Сокамерник старался быть ненавязчивым и вежливым, его вкрадчивая любезность и неполная понятливость с редкими переспрашиваниями не оставляли никаких сомнений в его специальном рядом со мной нахождении. Но я не был зол, скорее — благодарен за вовремя и так кстати приготавливаемый им чай. К тому же на третий день сокамерники начали меняться каждый двое суток, в основном это были наркоманы, находящиеся в стадии ломок. Стоны, рвота, беснование, удары в стену, в дверь, крики о помощи и требование каких-то таблеток стали сущим адом по сравнению с предыдущими двумя днями.
Кипятильник хранился на складе, а кипяток развозили то ли раз, то ли два в день, но «милиционеру» выдавали по первой просьбе. Ничего, кроме чая с сахаром, я больше не брал, а трёхразовое питание, на удивление вкусное и качественное, оказывается, развозимое оттуда же, откуда поставлялось в школы Москвы, я начал употреблять понемногу только на третий день ареста.

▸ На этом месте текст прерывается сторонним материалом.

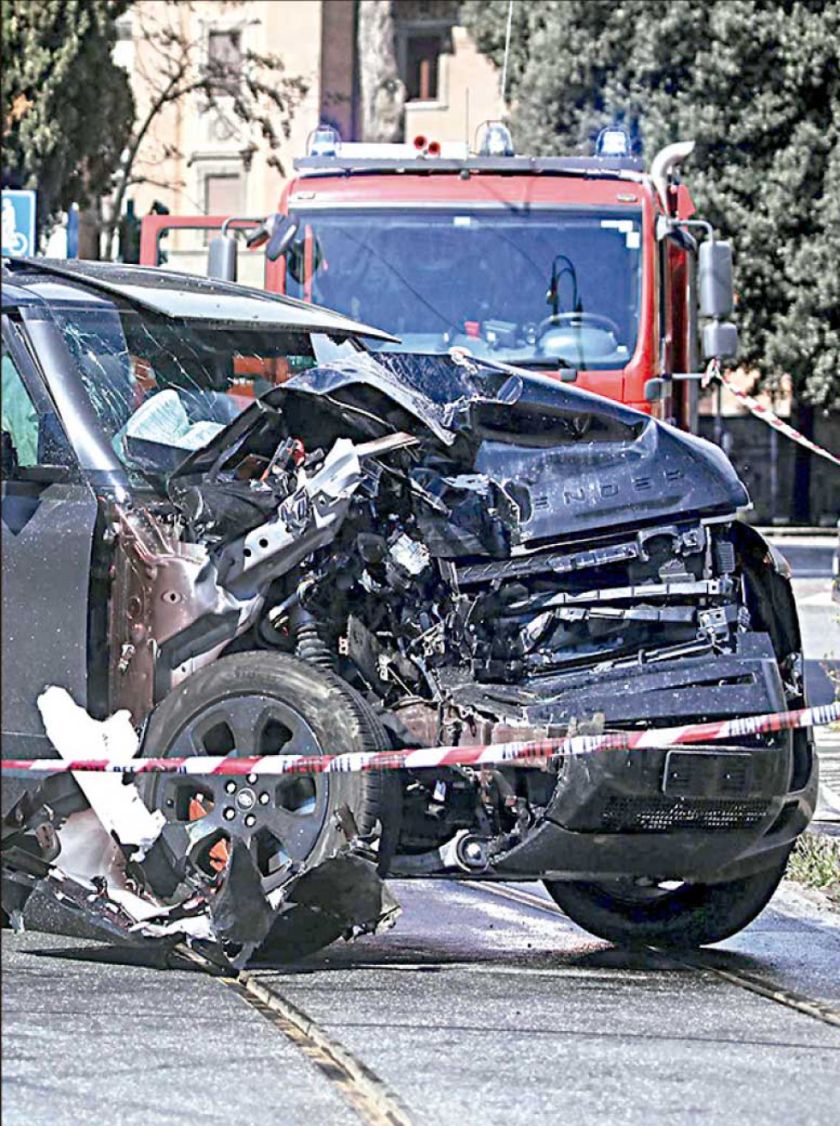 Immobile sufre accidente automovilístico en Roma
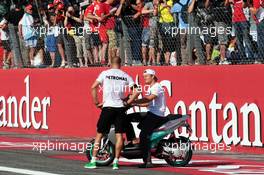 Nico Rosberg (GER) Mercedes AMG F1 with Daniel Schloesser (GER) Personal Trainer. 06.09.2012. Formula 1 World Championship, Rd 13, Italian Grand Prix, Monza, Italy, Preparation Day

Тогда же, приходя в себя после длительного марафона самоистязания разума, начал заставлять себя и заниматься, тренируя пресс и отжимаясь до пота от пола, явно начиная оживать.
Было ещё чем бороться. Тщательно выискивая признаки и последствия апатии, уничтожал их на корню. Скажем, лёжа, вперев безучастный взгляд в потолок, человек раз за разом прогоняет в мыслях своё положение и убеждает себя в безысходности ситуации, не находя выхода сиюминутного, чем убивает желание не то, чтобы защищаться, но и жить, потихонечку скатываясь в состояние апатичной «уточки» и становясь, как говорят здесь, «чёр-том». Проявляется это по-разному, но в основном в нечистоплотности, нерациональности или в потере какого-либо интереса к жизненно-важному. Такие перестают мыться, чистить зубы, стираться, подыматься с постели, читать (хотя читает в тюрьме малая часть населения, а пишет письма — ещё меньшая), не реагировать на происходящее. Такие не снимают тренировочных костюмов по месяцу, спят в них же, укрываясь одеялом без простыни через месяц начинаю, мягко говоря — попахивать.
Бывалые или душевные сидельцы, а также «перво-ходы» пытаются помочь — в основном, из-за воздействия упавших духом на них же самих, как морально, так и вонью, и всем соответствующим негигиеничным, выводя из такого состояния. Но победить себя может лишь сам человек.
Добивает и опасение перед неведомым, перед злом тюрьмы, резкая перемена обстановки и умаление возможностей. Система делает всё, чтобы показать и объяснить тебе, что ты теперь бесправная пыль, имеющая только обязанности, твой бог — любой, кто в погонах. Но по прохождении времени, привыкая друг к другу, и в тех случаях, когда обходится без взаимных инсинуаций, могут появиться и человеческие отношения, обычно выражающиеся в обоюдных приветствиях, более льготном отношении, а иногда даже — во взаимном уважении, но не больше. Вся остальная болтовня, вроде «как я его», принята у арестантов для бахвальства — пустое занятие, хоть порой и действует на их авторитет.
Обычно такие горлопаны были никем на свободе, да и здесь из себя ничего особенного не представляют, но могут стать той искрой, которая обожжёт, разгоревшись в пламя, каждого, даже не желающего участвовать. Через пару лет их поведенческие привычки заводят их, незаметно для них самих же, в леса начальной стадии шизофрении. Правда, они бывают полезными, если найти применение их безудержной нерациональной энергии.
Думая о своей ситуации, я понял, что бессмысленно вспоминать все огрехи и возможные ляпсусы, нужно просто постараться определить необходимые ответы, и, в случае невозможности их удовлетворительной мотивации, понять, как выходить из создавшегося положения. Ещё раз взвесив всё, я пришёл к выводу, что у меня нет больше выхода, кроме как сыграть с нашей судебной системой ва-банк. То есть надо давать показания о содеянном лично, постоянно объясняя мотивы, причины и действительную безвыходность, этого требовало и откуда-то взявшееся желание покаяния.
Закон мог пойти навстречу и постараться учесть признание и раскаяние, без которых суд все равно состоялся бы, но с необходимостью увеличивать маловесное, что мог родить «Грибков», а то и что-то фальсифицировать, чего, даже имея мои признания, обвинитель — прокурор — избежать не смог.